Garbage In, Garbage Out
The best way to avoid the trap of overforecasting demand is to use point-of-sale information directly from the retailer. Since POS data is an accurate gauge of consumption, it improves the reliability of a forecast. That is how Scotts CIO Sengupta was able to improve his company's forecasting results. By using point-of-sale data, Scotts increased its forecast accuracy by more than 30 per cent in one year.
Before it started using POS data, Scotts would forecast the demand for its products at the national level - but not at the individual store level - for each of its customers, such as Wal-Mart and Home Depot. Each forecast would take into account how much each customer ordered of, say, a particular type of fertiliser in the past and combine that with other factors such as expected weather patterns. Since orders were simply an estimate of retail sales, the process left Scotts susceptible to the bullwhip effect. Furthermore, the sheer volume of the orders greatly inflated the forecasts' margin of error.
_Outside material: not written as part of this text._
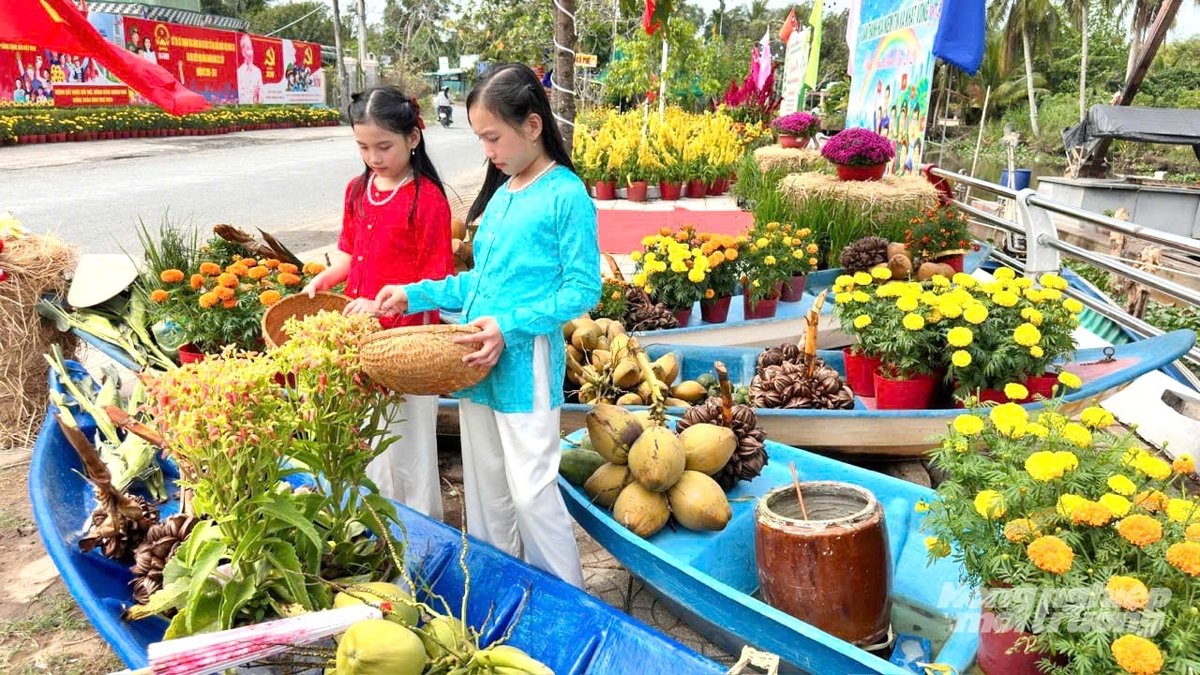 Thiếu nhi xã Thạnh Hòa trải nghiệm không gian tiểu cảnh chợ Tết quê với hoa xuân, trái cây và xuồng ba lá được bài trí rực rỡ mừng Đảng, mừng Xuân Bính Ngọ 2026. Ảnh: Lê Hoàng Vũ.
Now that Scotts has point-of-sale information from each retail outlet, its forecasts are more accurate and the risk of bullwhips is all but eliminated. Furthermore, the POS data lets Sengupta produce smaller, more detailed forecasts for each individual retail outlet if he wants (Sengupta says that Scotts actually forecasts in groups of stores to help reduce the impact of a one-time event in one store that wouldn't be replicated in another). Having many smaller, more accurate forecasts further reduces the overall margin of error.
In improving its forecasting process, Scotts has an advantage: The retail and consumer packaged goods industry is well ahead of the game when it comes to sharing data such as point-of-sale information. Most companies in this industry follow the blueprint laid out by the Voluntary Interindustry Commerce Standards Association subcommittee on collaborative planning, forecasting and replenishment.
In the rest of the world, however, most companies aren't in a position to get POS information from their customers. In the first place, few companies collect product-level data at the point of sale. And second, many aren't willing to share data that has traditionally been viewed as a closely guarded competitive secret.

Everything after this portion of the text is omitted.